# What this task involves:
Nothing but the line containing "Box Hill War Memorial : 14-November-2011 Box" and the lines after it in the entries below should appear, each repeated exactly.

# Short web captions:
------------------------------------------------------------
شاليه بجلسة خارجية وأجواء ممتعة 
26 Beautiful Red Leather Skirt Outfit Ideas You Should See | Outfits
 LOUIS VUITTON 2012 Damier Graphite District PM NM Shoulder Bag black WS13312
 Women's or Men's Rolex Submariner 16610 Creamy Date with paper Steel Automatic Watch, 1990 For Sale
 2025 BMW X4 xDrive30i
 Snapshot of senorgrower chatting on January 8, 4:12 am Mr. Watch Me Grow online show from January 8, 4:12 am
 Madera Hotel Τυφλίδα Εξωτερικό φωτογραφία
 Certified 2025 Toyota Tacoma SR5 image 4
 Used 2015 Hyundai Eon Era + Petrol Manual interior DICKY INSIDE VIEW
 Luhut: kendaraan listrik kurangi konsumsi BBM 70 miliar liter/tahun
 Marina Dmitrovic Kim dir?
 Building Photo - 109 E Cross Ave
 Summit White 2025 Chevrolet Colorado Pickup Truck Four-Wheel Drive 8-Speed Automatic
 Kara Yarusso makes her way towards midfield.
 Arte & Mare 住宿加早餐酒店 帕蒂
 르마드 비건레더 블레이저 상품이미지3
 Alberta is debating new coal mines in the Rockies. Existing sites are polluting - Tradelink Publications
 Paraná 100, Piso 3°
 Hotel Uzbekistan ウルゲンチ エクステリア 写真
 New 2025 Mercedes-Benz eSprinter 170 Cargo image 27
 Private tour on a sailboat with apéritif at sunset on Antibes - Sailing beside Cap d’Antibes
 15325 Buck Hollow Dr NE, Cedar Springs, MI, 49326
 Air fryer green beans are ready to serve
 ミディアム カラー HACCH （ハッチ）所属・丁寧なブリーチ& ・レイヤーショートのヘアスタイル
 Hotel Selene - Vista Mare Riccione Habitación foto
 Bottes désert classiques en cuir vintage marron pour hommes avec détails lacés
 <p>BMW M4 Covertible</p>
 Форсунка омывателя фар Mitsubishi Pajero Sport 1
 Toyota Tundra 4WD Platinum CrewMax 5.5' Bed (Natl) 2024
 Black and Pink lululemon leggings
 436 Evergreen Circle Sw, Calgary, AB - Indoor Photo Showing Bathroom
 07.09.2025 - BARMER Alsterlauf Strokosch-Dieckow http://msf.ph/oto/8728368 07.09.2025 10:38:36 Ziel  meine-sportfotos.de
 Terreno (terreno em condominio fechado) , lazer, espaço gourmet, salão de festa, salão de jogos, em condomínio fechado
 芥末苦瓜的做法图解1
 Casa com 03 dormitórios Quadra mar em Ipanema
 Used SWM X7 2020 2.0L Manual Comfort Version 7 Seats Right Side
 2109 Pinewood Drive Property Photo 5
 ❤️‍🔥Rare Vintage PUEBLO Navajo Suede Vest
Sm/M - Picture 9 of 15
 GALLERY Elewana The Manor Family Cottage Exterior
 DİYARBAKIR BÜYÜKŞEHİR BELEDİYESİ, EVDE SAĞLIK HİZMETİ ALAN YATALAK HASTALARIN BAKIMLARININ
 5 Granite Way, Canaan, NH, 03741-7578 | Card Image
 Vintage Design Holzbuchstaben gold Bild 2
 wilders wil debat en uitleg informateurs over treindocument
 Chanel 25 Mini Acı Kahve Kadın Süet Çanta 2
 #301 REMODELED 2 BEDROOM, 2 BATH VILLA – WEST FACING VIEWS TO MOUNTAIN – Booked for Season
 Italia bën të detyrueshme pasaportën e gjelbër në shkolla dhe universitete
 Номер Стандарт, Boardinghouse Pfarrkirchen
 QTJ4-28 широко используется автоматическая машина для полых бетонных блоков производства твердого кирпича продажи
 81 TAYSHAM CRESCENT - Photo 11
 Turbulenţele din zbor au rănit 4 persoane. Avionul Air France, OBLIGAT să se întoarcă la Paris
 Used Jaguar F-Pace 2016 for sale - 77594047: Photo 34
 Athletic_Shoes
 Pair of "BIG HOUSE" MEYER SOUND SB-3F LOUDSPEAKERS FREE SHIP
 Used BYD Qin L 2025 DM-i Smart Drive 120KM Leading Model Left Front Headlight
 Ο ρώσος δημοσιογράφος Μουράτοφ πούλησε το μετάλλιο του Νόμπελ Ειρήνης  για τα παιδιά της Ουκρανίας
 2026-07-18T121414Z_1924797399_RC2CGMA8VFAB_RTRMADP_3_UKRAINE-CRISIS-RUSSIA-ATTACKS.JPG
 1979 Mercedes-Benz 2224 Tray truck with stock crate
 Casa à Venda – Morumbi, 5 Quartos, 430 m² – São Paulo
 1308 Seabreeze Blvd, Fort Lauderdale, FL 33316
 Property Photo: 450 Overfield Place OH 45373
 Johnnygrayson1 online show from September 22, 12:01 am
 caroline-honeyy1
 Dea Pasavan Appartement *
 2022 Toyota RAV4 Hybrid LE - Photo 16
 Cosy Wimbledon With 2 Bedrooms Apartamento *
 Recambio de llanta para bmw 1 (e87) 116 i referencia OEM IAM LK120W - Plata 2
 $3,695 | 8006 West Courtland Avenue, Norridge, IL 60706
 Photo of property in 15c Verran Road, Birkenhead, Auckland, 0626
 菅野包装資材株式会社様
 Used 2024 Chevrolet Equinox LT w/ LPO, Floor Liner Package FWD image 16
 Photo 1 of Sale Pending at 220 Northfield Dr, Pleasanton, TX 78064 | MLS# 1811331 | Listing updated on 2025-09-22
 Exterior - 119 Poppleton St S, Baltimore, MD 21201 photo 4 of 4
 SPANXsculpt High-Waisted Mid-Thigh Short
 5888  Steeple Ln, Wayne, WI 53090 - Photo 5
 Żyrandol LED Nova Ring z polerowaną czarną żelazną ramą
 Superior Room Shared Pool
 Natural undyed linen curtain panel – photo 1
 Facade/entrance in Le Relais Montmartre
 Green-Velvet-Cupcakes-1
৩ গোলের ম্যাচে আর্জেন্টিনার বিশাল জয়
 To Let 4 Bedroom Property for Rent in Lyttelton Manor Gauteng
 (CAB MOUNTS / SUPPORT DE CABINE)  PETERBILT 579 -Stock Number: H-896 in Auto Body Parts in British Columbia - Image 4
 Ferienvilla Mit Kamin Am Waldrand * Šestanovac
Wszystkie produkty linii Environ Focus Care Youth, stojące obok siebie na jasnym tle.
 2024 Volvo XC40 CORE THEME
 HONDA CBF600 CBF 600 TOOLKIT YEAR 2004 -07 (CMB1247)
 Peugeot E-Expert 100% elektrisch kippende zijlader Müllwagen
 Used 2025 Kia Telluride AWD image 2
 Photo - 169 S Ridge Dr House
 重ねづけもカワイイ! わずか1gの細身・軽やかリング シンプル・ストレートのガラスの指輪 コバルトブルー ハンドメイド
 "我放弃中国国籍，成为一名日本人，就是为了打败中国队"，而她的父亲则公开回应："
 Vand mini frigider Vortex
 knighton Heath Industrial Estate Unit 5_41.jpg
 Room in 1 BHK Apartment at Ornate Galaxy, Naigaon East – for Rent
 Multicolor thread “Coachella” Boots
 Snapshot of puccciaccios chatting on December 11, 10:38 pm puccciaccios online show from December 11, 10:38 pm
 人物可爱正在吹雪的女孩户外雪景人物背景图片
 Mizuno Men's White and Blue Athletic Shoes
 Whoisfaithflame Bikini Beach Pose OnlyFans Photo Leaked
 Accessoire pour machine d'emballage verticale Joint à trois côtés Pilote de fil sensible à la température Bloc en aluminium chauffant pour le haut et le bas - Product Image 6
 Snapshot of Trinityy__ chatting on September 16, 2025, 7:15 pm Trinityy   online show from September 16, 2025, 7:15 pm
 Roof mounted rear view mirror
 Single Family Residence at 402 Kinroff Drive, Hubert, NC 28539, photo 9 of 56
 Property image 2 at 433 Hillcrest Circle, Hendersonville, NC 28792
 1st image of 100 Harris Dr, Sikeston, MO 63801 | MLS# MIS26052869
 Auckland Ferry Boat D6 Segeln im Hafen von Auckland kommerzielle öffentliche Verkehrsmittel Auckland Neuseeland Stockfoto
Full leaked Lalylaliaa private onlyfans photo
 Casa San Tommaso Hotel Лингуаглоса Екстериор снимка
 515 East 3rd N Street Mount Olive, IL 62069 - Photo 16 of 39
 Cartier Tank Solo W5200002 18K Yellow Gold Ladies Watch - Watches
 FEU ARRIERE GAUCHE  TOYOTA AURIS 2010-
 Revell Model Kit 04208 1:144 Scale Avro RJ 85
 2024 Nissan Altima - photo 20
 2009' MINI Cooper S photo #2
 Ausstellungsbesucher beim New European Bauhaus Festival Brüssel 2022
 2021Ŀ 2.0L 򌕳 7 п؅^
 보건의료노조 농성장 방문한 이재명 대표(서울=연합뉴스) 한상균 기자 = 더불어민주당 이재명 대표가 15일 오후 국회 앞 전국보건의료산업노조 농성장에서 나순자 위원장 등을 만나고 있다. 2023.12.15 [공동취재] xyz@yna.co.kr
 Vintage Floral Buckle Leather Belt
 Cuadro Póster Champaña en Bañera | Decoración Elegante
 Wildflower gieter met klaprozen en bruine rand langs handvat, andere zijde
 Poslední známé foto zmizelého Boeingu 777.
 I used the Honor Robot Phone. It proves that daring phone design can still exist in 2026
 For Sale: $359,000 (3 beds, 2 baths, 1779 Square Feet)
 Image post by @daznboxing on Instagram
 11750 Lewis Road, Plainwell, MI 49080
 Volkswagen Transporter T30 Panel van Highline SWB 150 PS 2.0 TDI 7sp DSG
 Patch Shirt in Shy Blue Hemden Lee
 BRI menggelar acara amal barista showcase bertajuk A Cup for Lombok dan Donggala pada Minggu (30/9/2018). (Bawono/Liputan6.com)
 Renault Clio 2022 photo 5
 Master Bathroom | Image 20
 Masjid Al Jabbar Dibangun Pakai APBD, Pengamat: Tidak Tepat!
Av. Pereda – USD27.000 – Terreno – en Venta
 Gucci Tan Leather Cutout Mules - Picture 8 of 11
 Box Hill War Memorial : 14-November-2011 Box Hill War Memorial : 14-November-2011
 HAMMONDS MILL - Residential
------------------------------------------------------------
# Task solution:
 Box Hill War Memorial : 14-November-2011 Box Hill War Memorial : 14-November-2011
 HAMMONDS MILL - Residential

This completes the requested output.